The interesting feature of the Compton process
is that it is proportional to the {\it fourth} power of 
the quark charge, and therefore probes a different linear combination
of quark distributions in the proton than the deep inelastic structure 
function~\cite{bawa}.
The photon angular distribution of the Compton process should again
exhibit a characteristic $(1 - \vert \cos\theta^* \vert)^{-1} $ form
at small angles.
\begin{figure}[htbp]
\begin{center}
\mbox{\epsfig{figure=bussey.ps,height=6cm}}
\caption{Distribution in $x_\gamma$ of prompt photon events at HERA,
 from Ref.~\protect\cite{bussey}.}
\label{fig:bussey}
\end{center}
\end{figure}

\section{Diffractive deep inelastic scattering}
\label{sec:harddiff}

The observation of `diffractive' 
deep inelastic events with a large rapidity gap~\cite{gaporig}
 has spawned a new field
of interest at HERA in the last few years.
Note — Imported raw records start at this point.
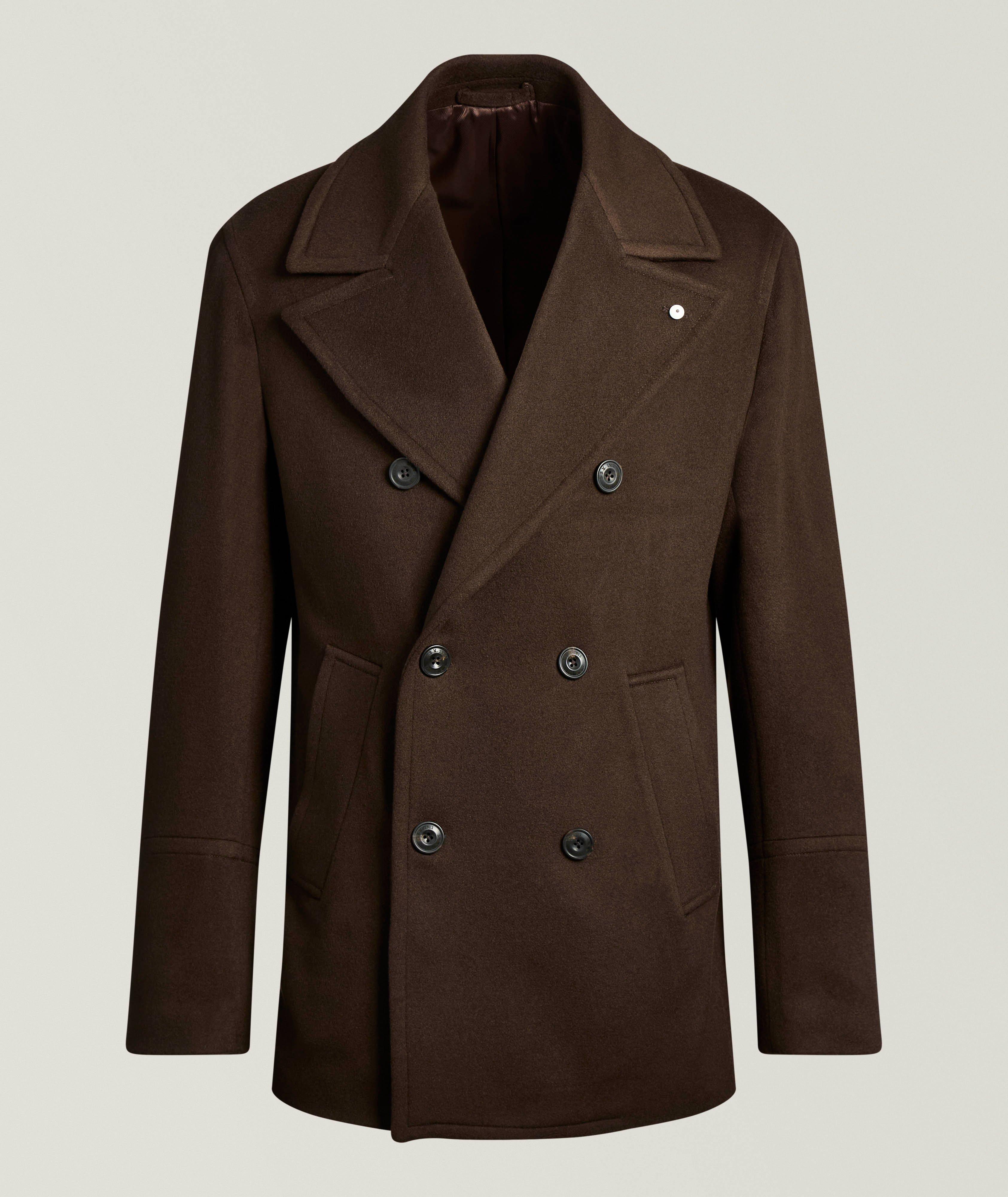 LBM DKBRN CSHMR PEACOAT image 0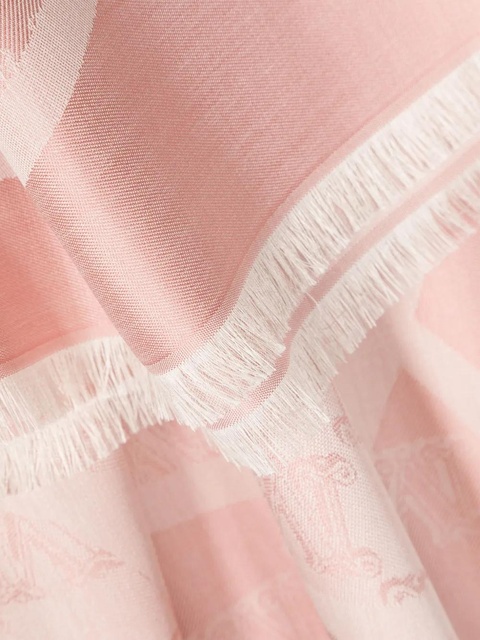 Max Mara logo-jacquard silk scarf - Pink - zdjęcie produktu nr 2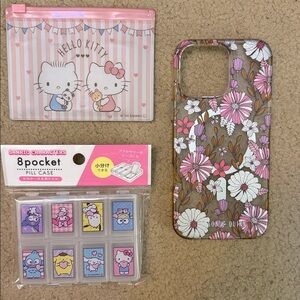 iphone case & zipper case & 8 pocket pill case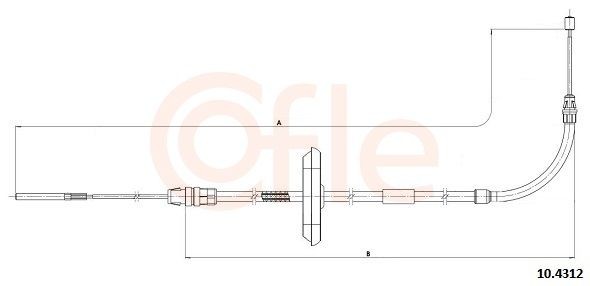 COFLE Handbremsseil 10.4312 10.4312 COFLE Mini F56 Handbremsseil kaufen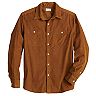 Men's Sonoma Goods For Life® Poplin Brushed Flannel Workwear Button-Down Shirt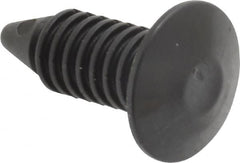 Made in USA - 9/32" Hole Diam, Ratchet Shank, Nylon Panel Rivet - 0.891" Length Under Head, 1/12" to 1/2" Material Thickness, 5/8" Head Diam - Exact Tooling
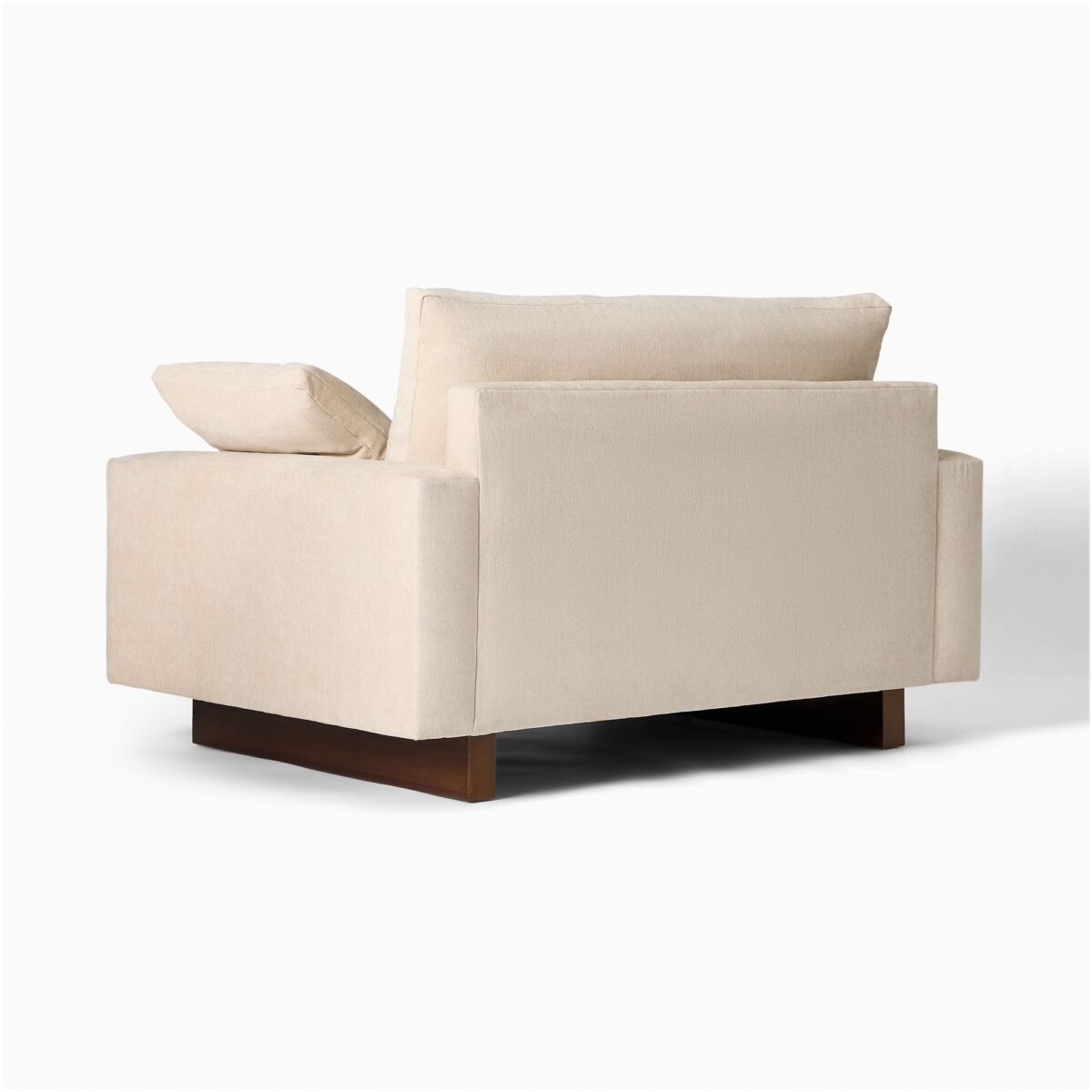 Harmony Teak Lounge Chair - Ivory Finish - Image 4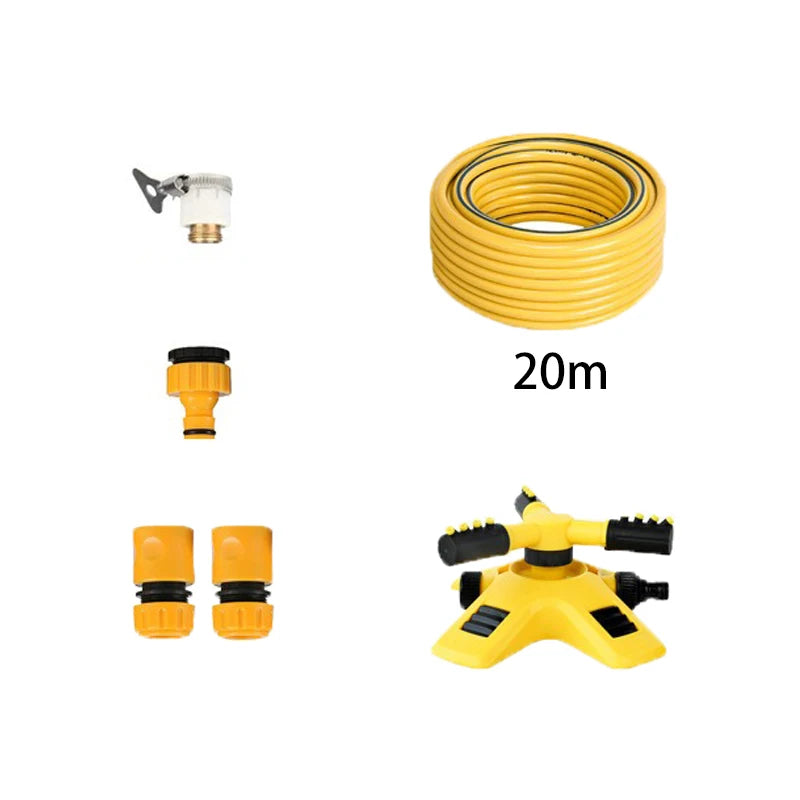 Aspersor Automático 360° para Jardín – Riego de Gran Cobertura para Césped y Áreas Grandes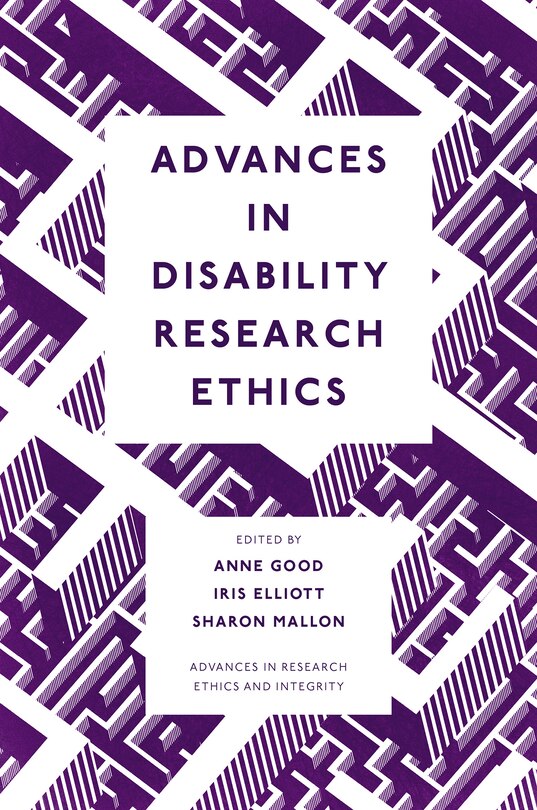 Couverture_Advances in Disability Research Ethics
At this Workshop, as last year,
there was much lively discussion about the measurement and interpretation
of these events. 

The focus of attention so far is the diffractive structure function
$F_2^D$. This is obtained from a subclass of DIS events in which
there is a large rapidity gap (H1, ZEUS) or from the observed excess
of events with small $M_X$ (the invariant mass of hadrons in the detector)
 over the expected non-exponentially-suppressed 
non-diffractive contribution (ZEUS). The ZEUS collaboration have also identified
energetic, small-angle protons in  the Leading Proton Spectrometer (LPS),
 consistent
with the interpretation that  $e p \to e p X$ is the underlying process.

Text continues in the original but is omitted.